Copy out the full listing below as it stands, with its pictures left behind.

*** Begin section ***

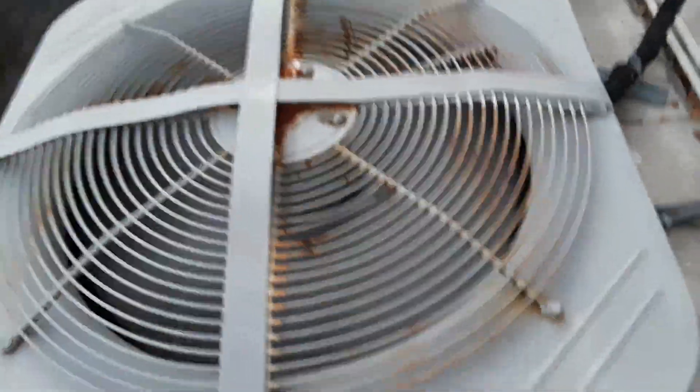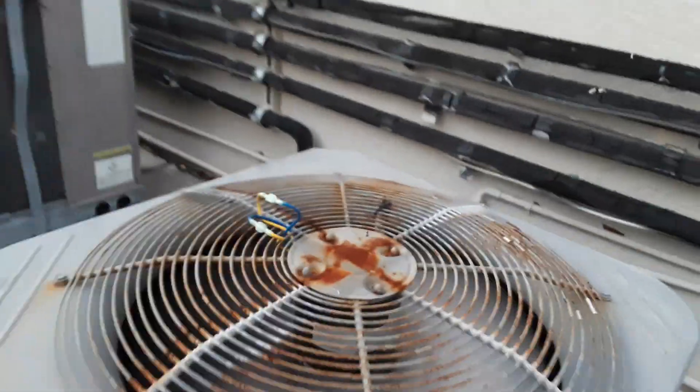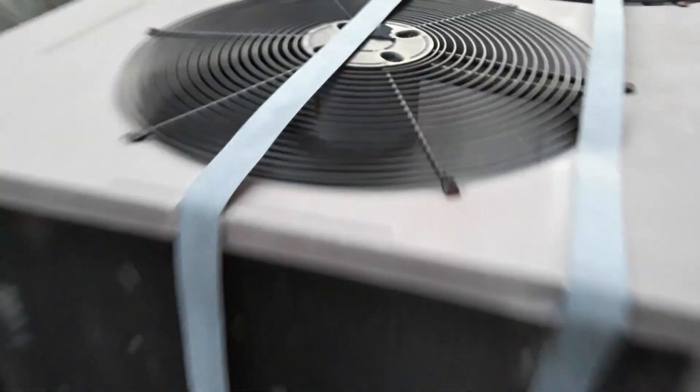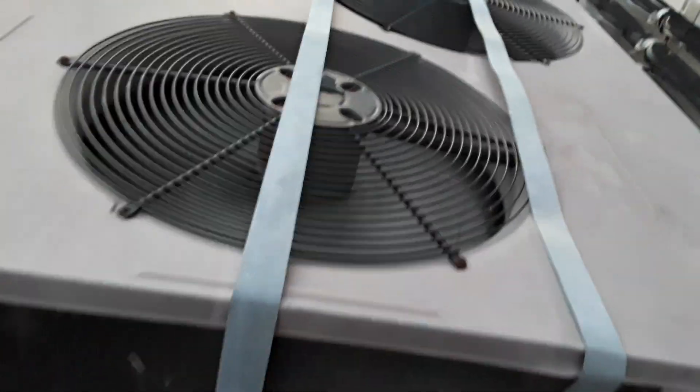These are all from 2005. There's a fan motor hat job on this one. This Carrier Gemini split system sounds so good.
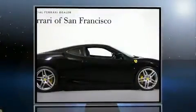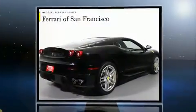Introducing the 2006 Ferrari F430. It features an automatic transmission, rear-wheel drive, and a powerful eight-cylinder engine.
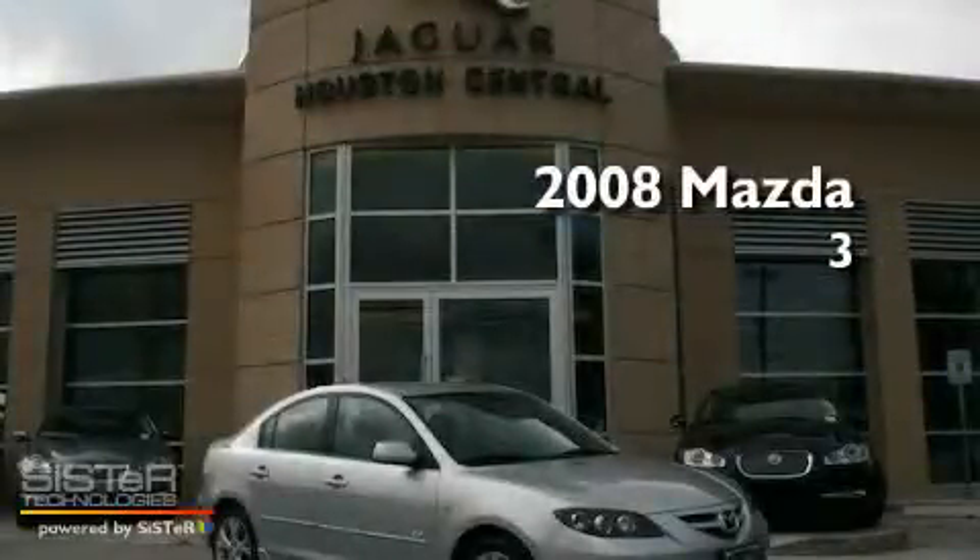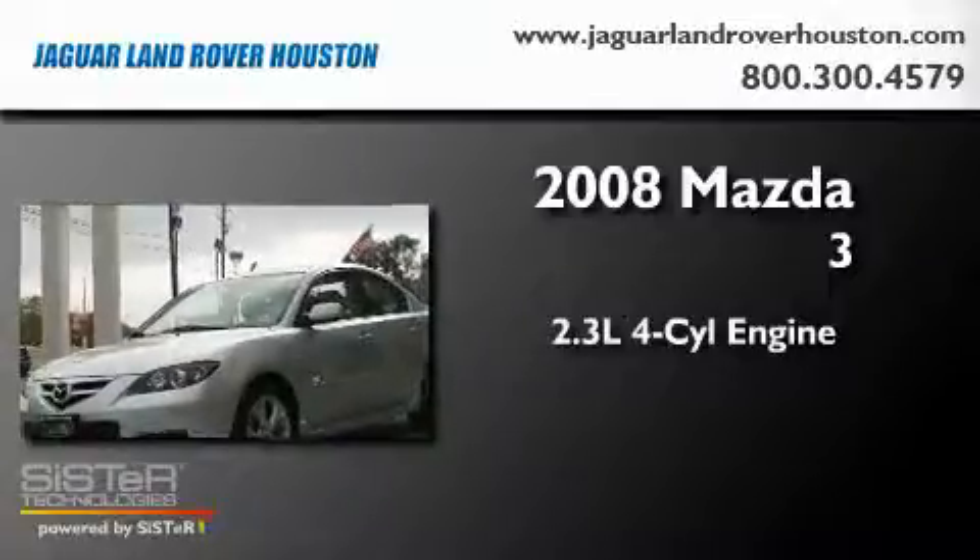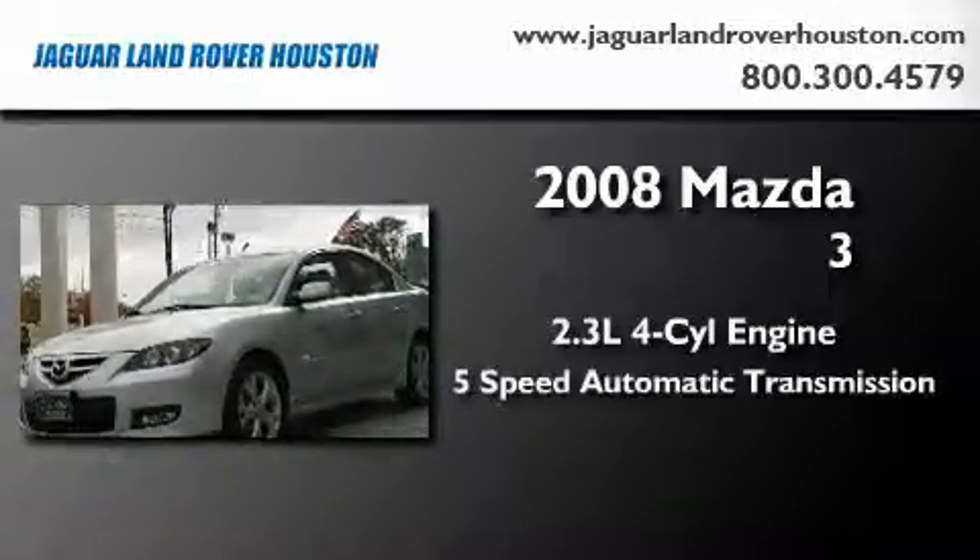This is a 2008 Mazda 3. It features a 2.3-liter 4-cylinder engine and a 5-speed automatic transmission.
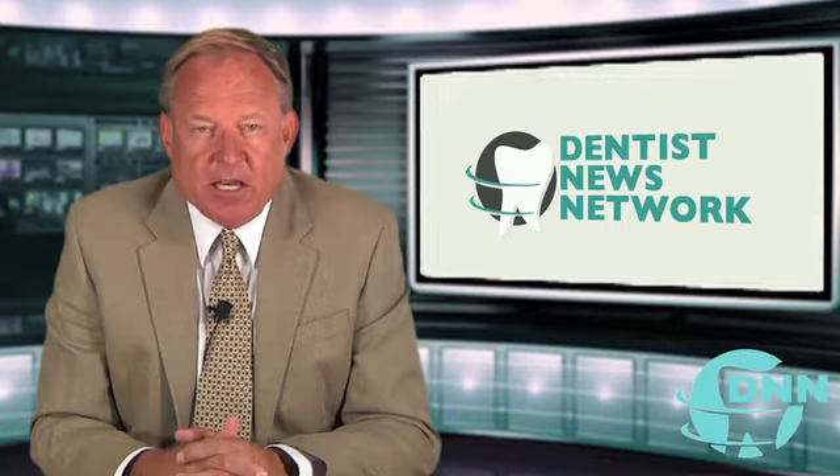Welcome. This is the Dentist News Network. I'm Scott Drake with my guest, Dr. Brian Harris with Harris Dental in Phoenix, Arizona. Dr. Harris, welcome back.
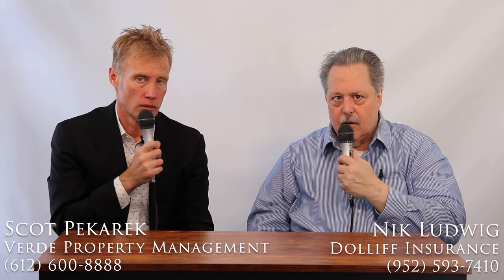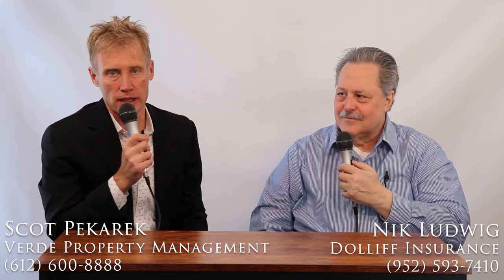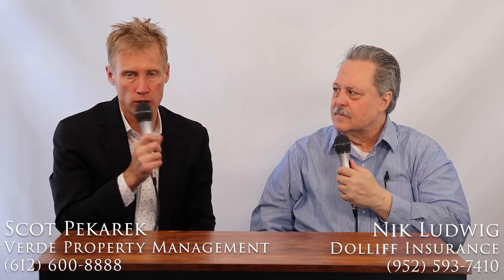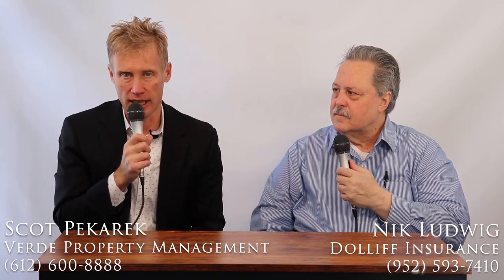If someone wants to dig a little deeper, you can call Nick at 952-593-7410 or email nludwig — that's n-l-u-d-w-i-g — at dolliff.com, that's d-o-l-l-i-f-f.com. I'm Scott Bacaric with Verde Property Management. We hope this content has been valuable. You can reach us at 612-600-8888, call or text, or online 24/7 at verde-realestate.com. If we can be of further service, please let us know. Thank you.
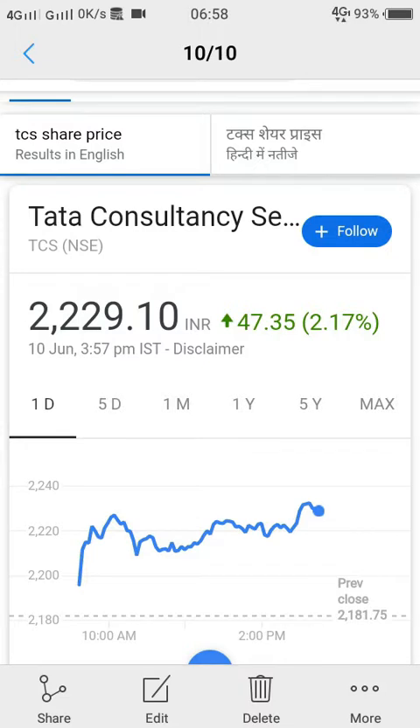Hello everybody. Today I thought of making the analysis for TCS, Tata Consultancy Services, for 10th June 2019. This is how the chart graph has formed for the day. You can see it started, went up early in the morning, and then it was consolidating and then moving up — a total 2.17% uptrend with a 47.35 rupees increase compared to the previous day's trade.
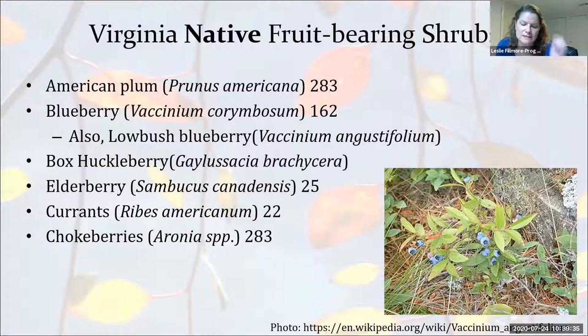Somebody asked if clethra alnifolia and Viburnum acerifolium are considered native by my definition. I'm going to stick by the definition — for instance, peaches were established here in the 1500s but were brought by Europeans, and then shared broadly by Native Americans and naturalized. As for those particular plants, I don't know them well enough to answer definitively, but I'm glad to do some research. You could also send that question to the help desk.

*** End section ***

» **Result of the exercise**
These are all from 2005. There's a fan motor hat job on this one. This Carrier Gemini split system sounds so good.
Introducing the 2006 Ferrari F430. It features an automatic transmission, rear-wheel drive, and a powerful eight-cylinder engine.
This is a 2008 Mazda 3. It features a 2.3-liter 4-cylinder engine and a 5-speed automatic transmission.
Welcome. This is the Dentist News Network. I'm Scott Drake with my guest, Dr. Brian Harris with Harris Dental in Phoenix, Arizona. Dr. Harris, welcome back.
If someone wants to dig a little deeper, you can call Nick at 952-593-7410 or email nludwig — that's n-l-u-d-w-i-g — at dolliff.com, that's d-o-l-l-i-f-f.com. I'm Scott Bacaric with Verde Property Management. We hope this content has been valuable. You can reach us at 612-600-8888, call or text, or online 24/7 at verde-realestate.com. If we can be of further service, please let us know. Thank you.
Hello everybody. Today I thought of making the analysis for TCS, Tata Consultancy Services, for 10th June 2019. This is how the chart graph has formed for the day. You can see it started, went up early in the morning, and then it was consolidating and then moving up — a total 2.17% uptrend with a 47.35 rupees increase compared to the previous day's trade.
Somebody asked if clethra alnifolia and Viburnum acerifolium are considered native by my definition. I'm going to stick by the definition — for instance, peaches were established here in the 1500s but were brought by Europeans, and then shared broadly by Native Americans and naturalized. As for those particular plants, I don't know them well enough to answer definitively, but I'm glad to do some research. You could also send that question to the help desk.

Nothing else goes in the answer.